Americans Mostly Ambivalent About Occupy Protests

A new Gallup poll suggests that the Occupy movement hasn’t really caught the attention of the American public all that much:

A new USA TODAY/Gallup Poll shows that the “Occupy” movement has failed to capture the attention of a majority of Americans, indicating either ambivalence toward it or lack of interest.

The poll finds that 56% of Americans surveyed are neither supporters nor opponents and 59% say they don’t know enough to have an opinion about the movement’s goals.

The survey, however, does show an increase from 20% to 31% in disapproval of the way the protests are being conducted.

This is somewhat different from the PPP poll results I noted last week, although it’s worth noting that PPP was polling voters, while Gallup is polling adults. Nonetheless, this would seem to indicate that movement isn’t having the impact with the public at large that its participants and proponents would like to think that it is.

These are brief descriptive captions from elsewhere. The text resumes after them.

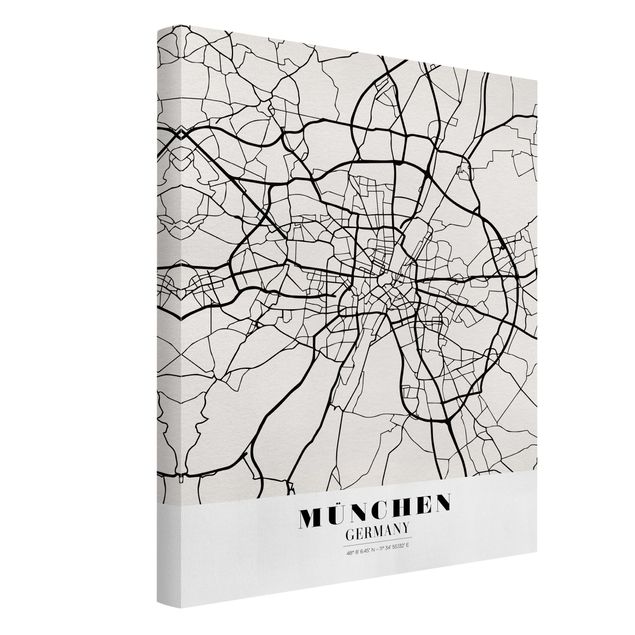 Prints maps Munich City Map - Classic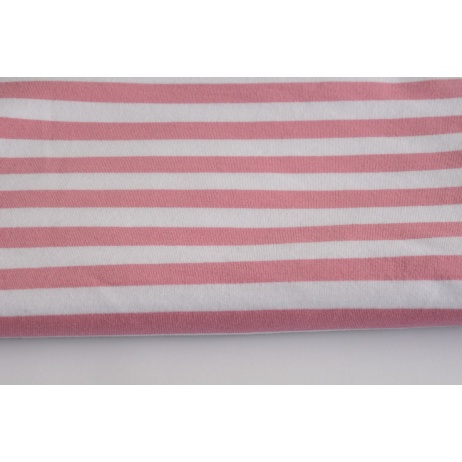 French terry, 1 cm stripes, lipstick pinkcolor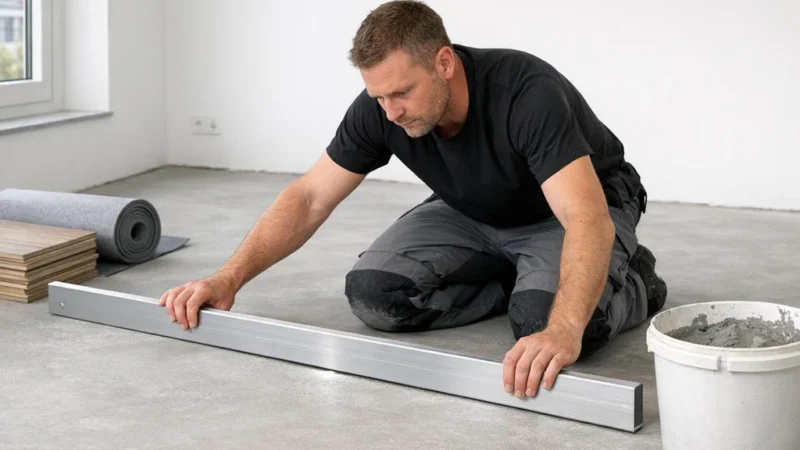 Is egaliseren nodig bij klik PVC?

FILED UNDER: Public Opinion Polls, US Politics, , , ,
Doug Mataconis
About Doug Mataconis
Doug Mataconis held a B.A. in Political Science from Rutgers University and J.D. from George Mason University School of Law. He joined the staff of OTB in May 2010 and contributed a staggering 16,483 posts before his retirement in January 2020. He passed far too young in July 2021.

Comments

  1. Ben Wolf says:

    Again a poll conducted by telephone, which skews heavily towards older Americans who obtain their news from the government/corporate media complex. In other words we’re getting poll results from people who tend to know only about things the oligarchy wants them to know.

  2. Ben Wolf says:

    An NIH study on who still uses landline phones, and it’s from 2008.

    http://www.cdc.gov/nchs/data/nhis/earlyrelease/wireless200805.htm

  3. Gallup’s phone survey integrates landlines and cell phones

  4. Ben Wolf says:

    @Doug Mataconis: You’re right. They changed their methodology to include a mix of landlines and cell phones. Scratch my earlier objection.

  5. spike59 says:

    ‘the oligarchy?”…..Comrade, puh-leeze…,at least ATTEMPT to get real

  6. Delmar says:

    The photograph shown with the article speaks volumes about exactly why middle class, the “099%” do not connect or sympathize with this movement. Wearing Halloween costumes and sitting down on a sidewalk or blocking the streets do not help the unemployed, the retired people, women and children who are victims of horrible violence, doesn’t do anything about the outrageous gas prices, or the moral depravity of the this country. These people could help organize or work with existing organizations to help communities in many ways: adult literacy, child tutoring, soup kitchens, Habitat, community clean ups, and crime patrols to name a few ways that they could get involved and really do something for people.

  7. WR says:

    @Delmar: Yes. Exactly. Shut up, don’t do anything to change the corrupt system, just find some soup kitchen to volunteer at. Help 30 or 40 people who are starving wihle doing nothing about the thieves who have looted the country and thrown tens of millions into poverty.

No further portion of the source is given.